Que nadie tema ni vea en la Iglesia y la fe cristiana, que se hacen y se alimentan, que crecen y viven por la Eucaristía, ninguna amenaza a la justa autonomía de lo terreno y a la justa y sana laicidad. Pero, precisamente por servicio al mundo, a los hombres y a su propio desarrollo, nunca podremos ni deberemos dejar de ser consecuentes con la presencia de Cristo en el mundo que entraña la Eucaristía; por ello no podemos someternos a una mentalidad inspirada en el laicismo, tampoco en la ideología de género, ambas ideologías llevan gradualmente, de forma más o menos consciente, pero certera, a la restricción de la libertad religiosa hasta promover un desprecio o ignorancia de lo religioso, relegando la fe a la esfera de lo privado y oponiéndose a su expresión pública” (Juan Pablo II, Discurso a los Obispos.. 2005, 4).

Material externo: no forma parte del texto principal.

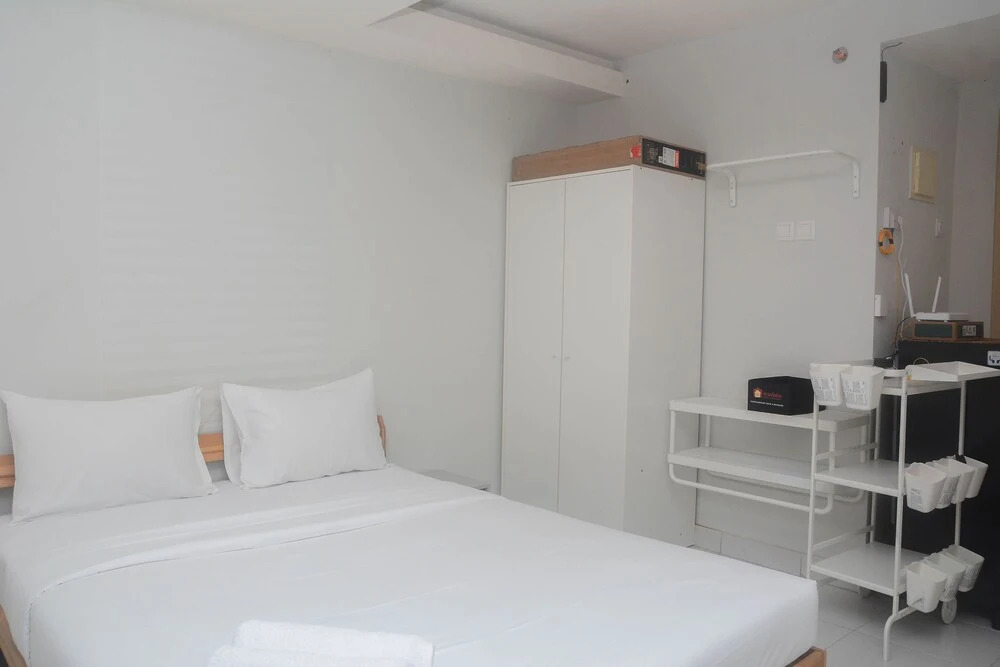 Джакарта: Well Furnished And Comfort Stay Studio At Amethyst Apartment
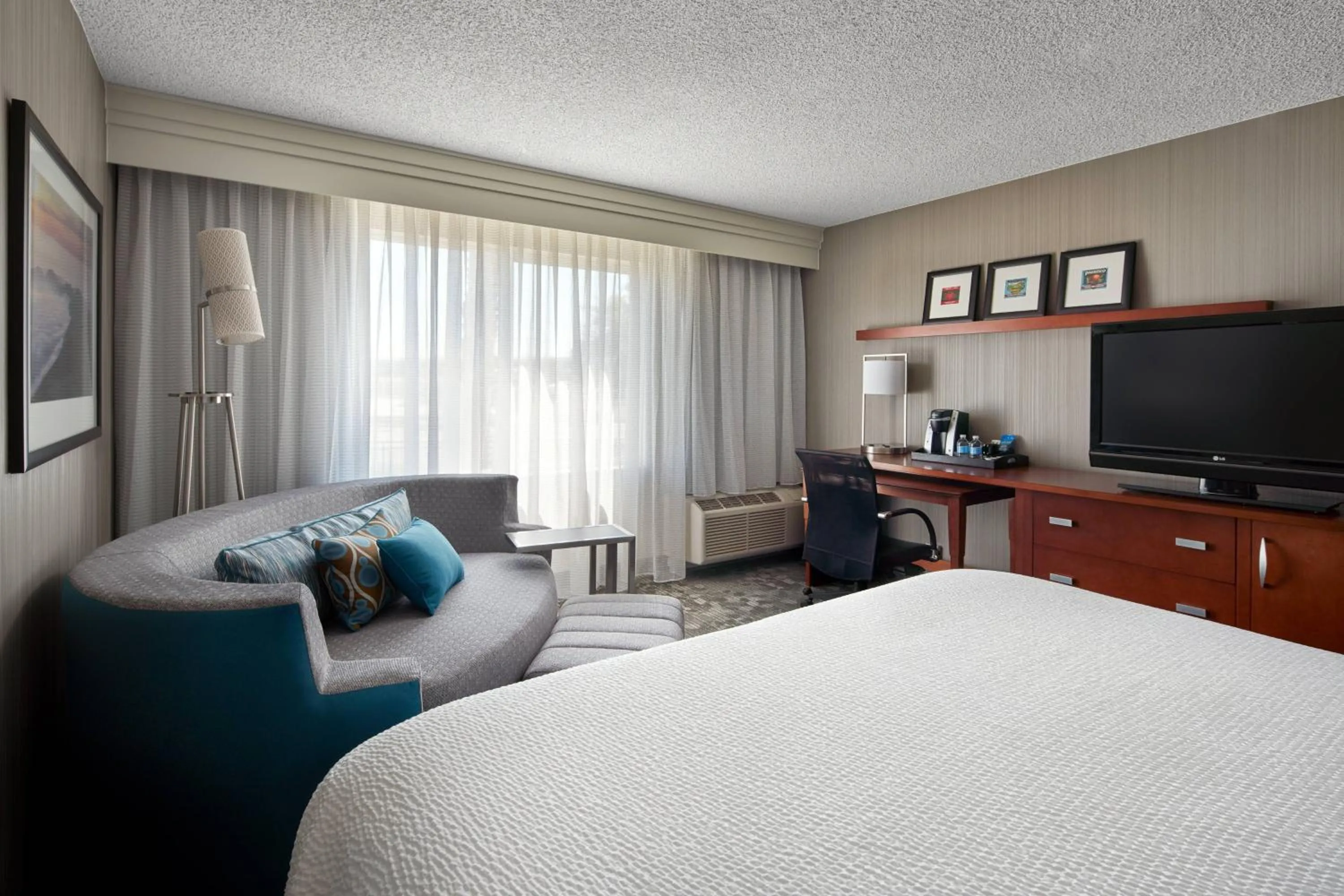 Photo of the whole room, Bed in Courtyard Milpitas Silicon Valley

Esto, además, de no formar “parte de la tradición española más noble, pues la impronta que la fe católica ha dejado en la vida y cultura de los españoles es muy profunda para que se ceda a la tentación de silenciarla”, es que, además, contradice la verdad del hombre y el misterio de la fe, es decir, el misterio de la Eucaristía, centro de nuestra vida, que es presencia salvadora de Cristo en la historia que afecta al hombre entero, a lo que es fundamental en su vida, a todo lo que es la vida del hombre, entre otros aspectos a su libertad, más aún a la libertad religiosa, que cuando se cercena, priva al hombre de algo fundamental. Siempre la Eucaristía, desde los primeros momentos, fue signo de esa libertad, de una ‘cultura de libertad’, y de ese afectar a todo lo humano en sus dimensiones más fundamentales, por ser presencia real y viva del Salvador y Redentor, y participación en ella.
Los cristianos estamos llamados y urgidos a comprometernos “a dar testimonio de la presencia de Dios en el mundo. No tengamos miedo de hablar de Dios ni de mostrar los signos de la fe con la frente muy alta, no en el anonimato ni en la clandestinidad. La ‘cultura de la Eucaristía’ promueve una cultura del diálogo, que en ella encuentra fuerza y alimento. Se equivoca quien cree que la referencia pública a la fe menoscaba la auténtica autonomía del Estado y de las instituciones civiles, o que puede fomentar incluso actitudes de intolerancia. Si bien no han faltado en la historia errores, inclusive entre los creyentes…, esto no se debe a las raíces cristianas -que siempre son y serán eucarísticas, sino a la incoherencia de los cristianos con sus propias raíces -con la Eucaristía. “Quien aprende a decir ‘gracias’ como lo hizo Cristo en la Cruz, podrá ser un mártir, pero nunca un torturador” (Juan Pablo II), mártir del Amor de los Amores, mártir apasionado por el hombre, por el pobre, por el excluido, por el manipulado, por el que pertenece a tantas periferias existenciales como fabricamos los hombres, los poderes de este mundo, las ideologías que van contra el hombre, a las que les peguntamos ¿dónde está el hombre, dónde lo habéis arrojado, dónde podemos encontrar a nuestro hermano?